先だってここの日記に幸せの3条件の話を書きましたが、上記の乳児の中に見出す姿は、この3条件を学んでいるようにも見えます。3条件を短く要約すると「①やりたいことができて、②それが利他的であり、③心地よい関係を作る」と幸せですね、いうことです。子どもたちは「一枚のエプロン」が「幸せのエプロン」になる方法を学んでいるかのようです。まぁ、幸せだなんて滅多に口に出来るものではないんですが、映画広告のサブタイトルみたいに「原題のまま無い方がいいのに」と思うアレだとご理解ください。
「エプロンをつける」ことは、自分で自分につけることも相手につけてあげることも、どっちにしても①の「やりたいこと」なのですが、相手につけてあげる場合は、それが利他的であるか、ただの我儘でしかないかを、相手の気持ちを察しながら判断していくところが大事な育ちになります。なので②と③がセットになっているのがミソですね。そこに体験の価値が見出せます。
自分もやりたいことができた!同時に相手も喜んでくれている!ね、よかってね!この3つが揃って初めてハッピーですからね。
ところが、やりたいことはやれた、でも相手が嫌がっている、それじゃだめだよね。そうやって相手のことを感じている。これを感じあって判断している。そんな子たちの姿から先生は「ひとはもともと助け合おうとする力を持っているのだということを思い出し」ています。だから「お互いに補完しあって協力していくこと」が生活の中でも一番大切なベースの部分になっていると感じるのでしょう。
物事に何を付け加えたらもっとよくなるだろうか。足りないものがあるとしたらそれは何だろうか。相手が求めているものは何だろうか。地球が困っていることは何だろうか。・・こうした「他者のこと」から始まって自分のやりたいことを考えるのがケアの本質(メイヤロフ)であり、養護の営み(鯨岡)であり、情緒を大切にする日本文化(岡潔)に通じるはずです。

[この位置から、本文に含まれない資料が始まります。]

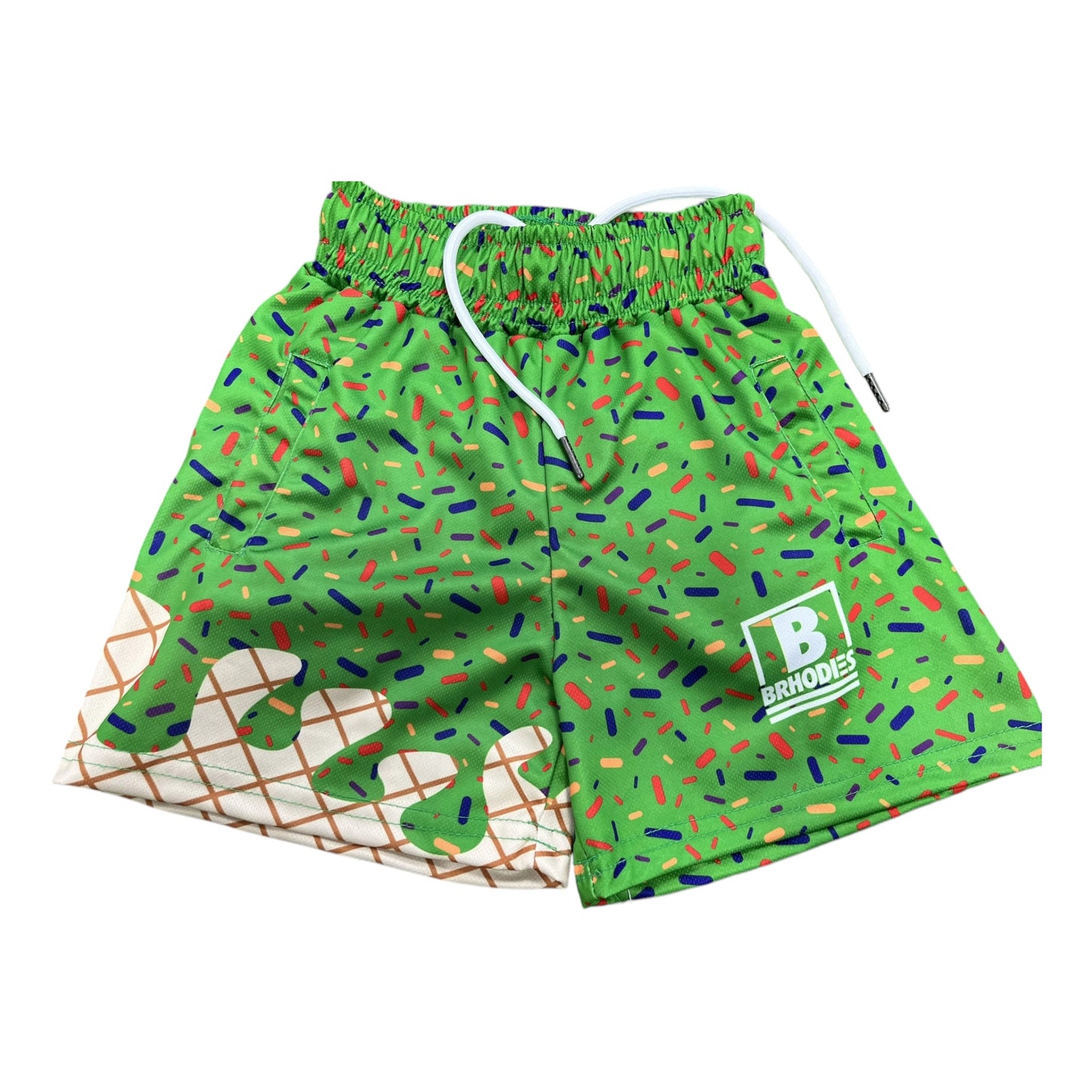 Ice Cream Drip Shorts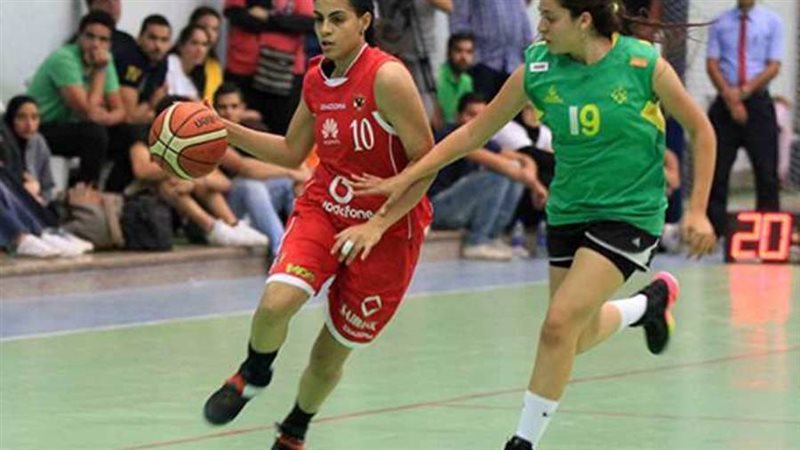 دوري سيدات السلة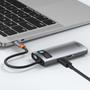 Imagem de Adaptador Hub Para Macbook Air/pro M1 E M2 Thunderbolt Usb C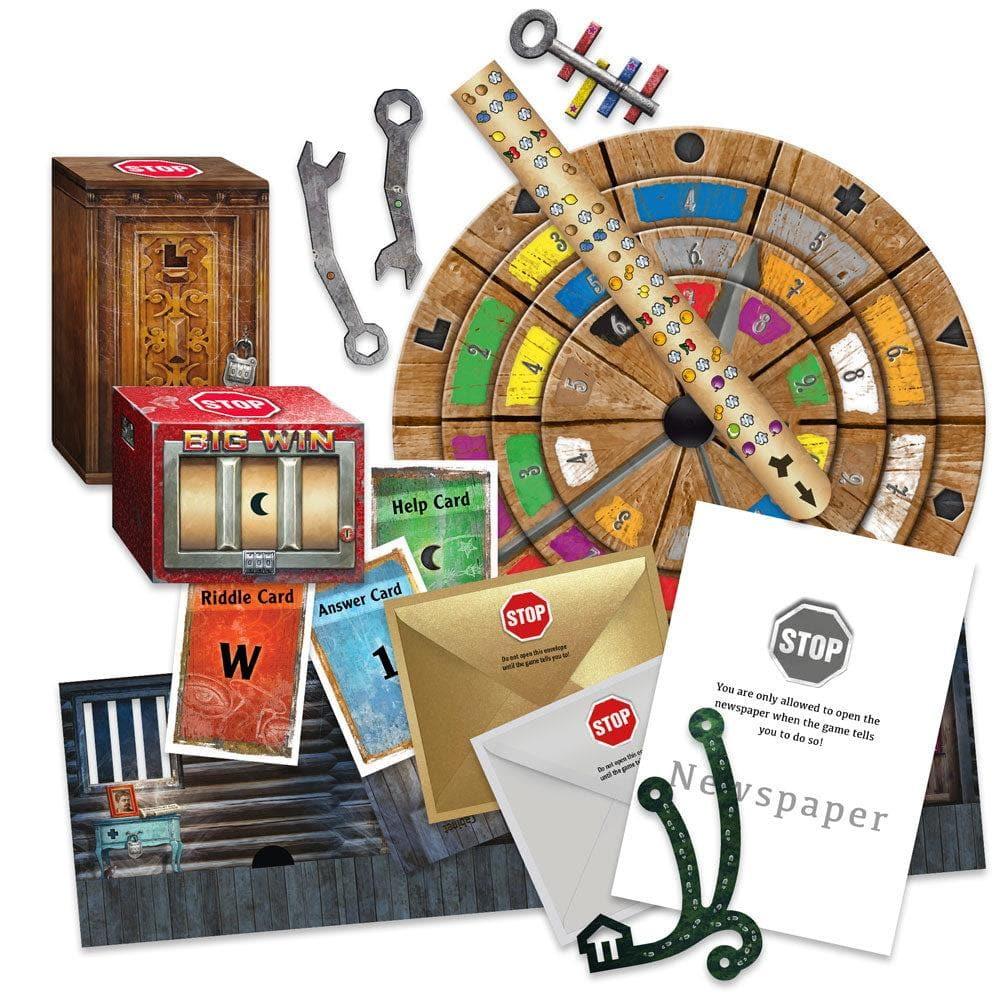 Exit: The Return to the Abandoned Cabin (Ang) - La Ribouldingue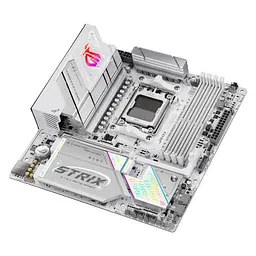 Материнська плата ASUS ROG STRIX B850-G GAMING WIFI (ROG STRIX B850-G GAMING WIFI) (Socket AM5, AMD B850, Micro-ATX) - мініатюра 4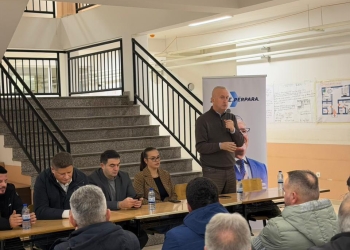 Rashit Qalaj: Me qytetarët e Pjetërshicës, të vendosur për fitoren e PDK-së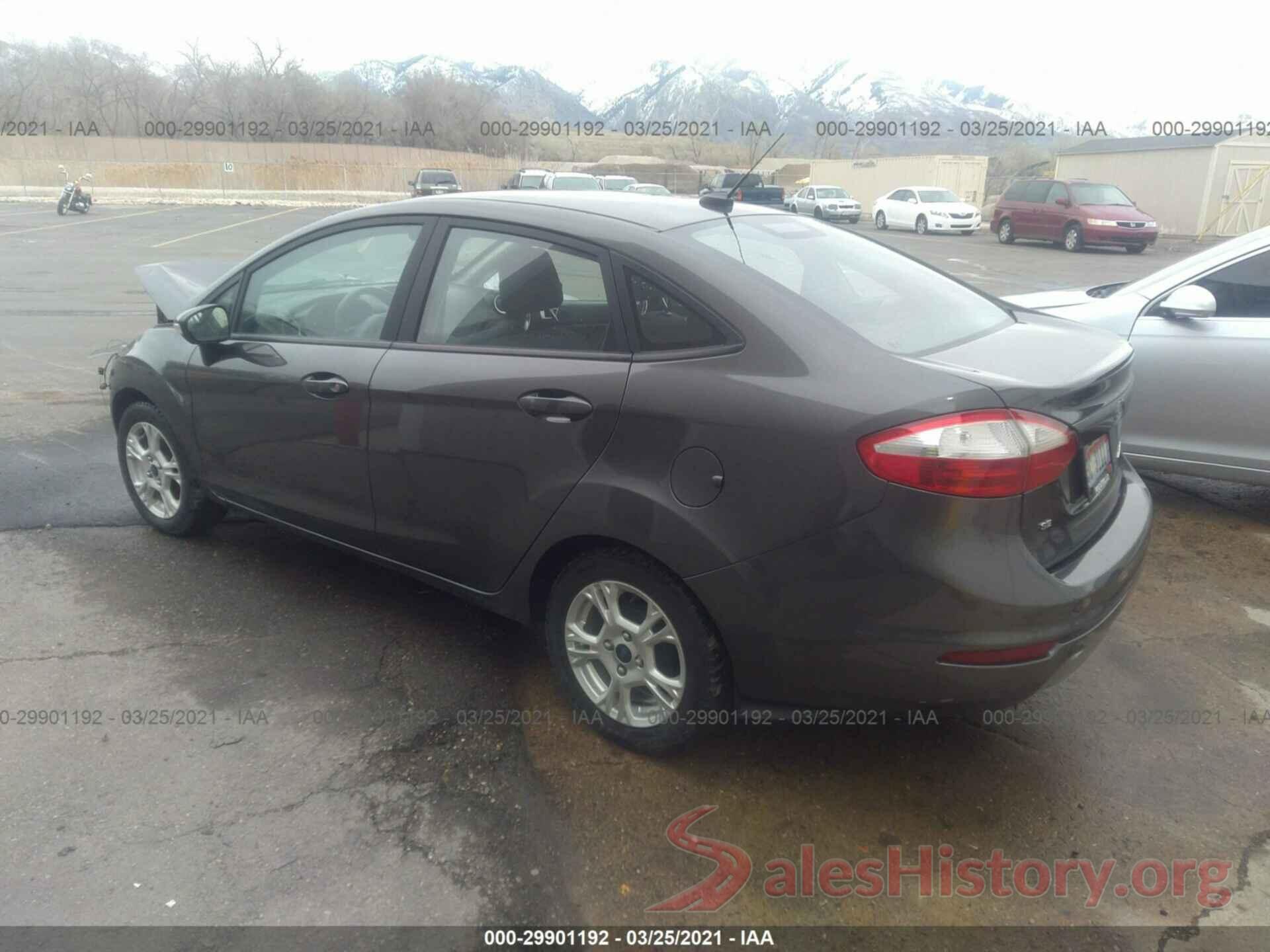 3FADP4BJ7GM105030 2016 FORD FIESTA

教育的な側面があるとしたら、先生が書いているように「相手がどう感じているかな?ということにも目を向けていけるように関わって」きているところになります。そんな関わりが起きやすいような人や物や空間の環境デザイン(藤森)とセットになったときに、いわゆる「見守る保育」になっていくのです。いわゆる、と言ったのは実はこれが本来の「保育」そのものなのでした。